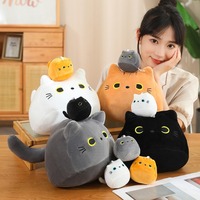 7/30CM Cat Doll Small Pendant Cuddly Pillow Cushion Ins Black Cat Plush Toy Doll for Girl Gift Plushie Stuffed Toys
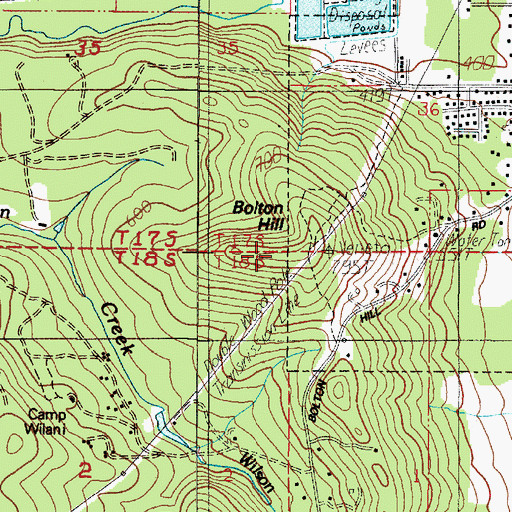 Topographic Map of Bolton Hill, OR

====

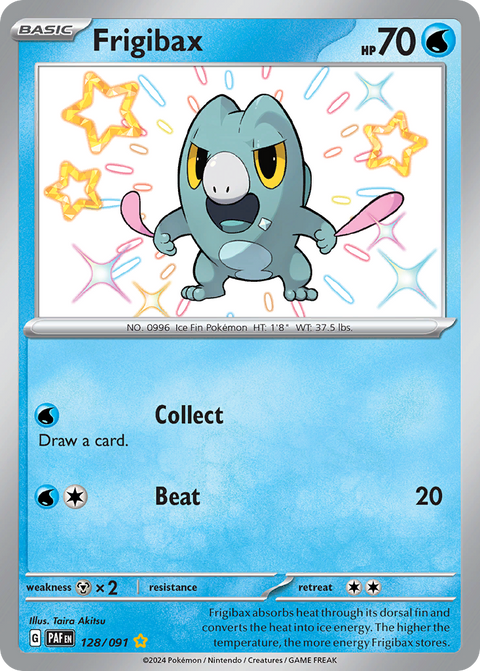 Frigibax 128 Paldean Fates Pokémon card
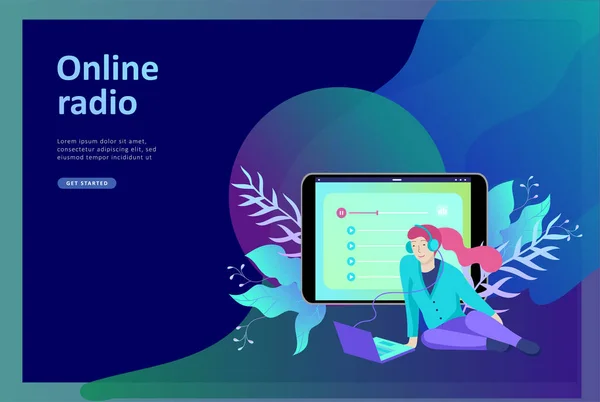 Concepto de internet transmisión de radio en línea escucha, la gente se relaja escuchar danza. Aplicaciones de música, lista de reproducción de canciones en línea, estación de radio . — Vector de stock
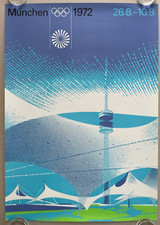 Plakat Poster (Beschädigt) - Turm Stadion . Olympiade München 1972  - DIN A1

====

#### [Task prompt]
The answer is the lines above from the one with "Frigibax 128 Paldean Fates Pokémon card" to the one with "Plakat Poster (Beschädigt)", set down exactly, with no pictures.

#### [The completed task]
 Frigibax 128 Paldean Fates Pokémon card
 Concepto de internet transmisión de radio en línea escucha, la gente se relaja escuchar danza. Aplicaciones de música, lista de reproducción de canciones en línea, estación de radio . — Vector de stock
 Plakat Poster (Beschädigt) - Turm Stadion . Olympiade München 1972  - DIN A1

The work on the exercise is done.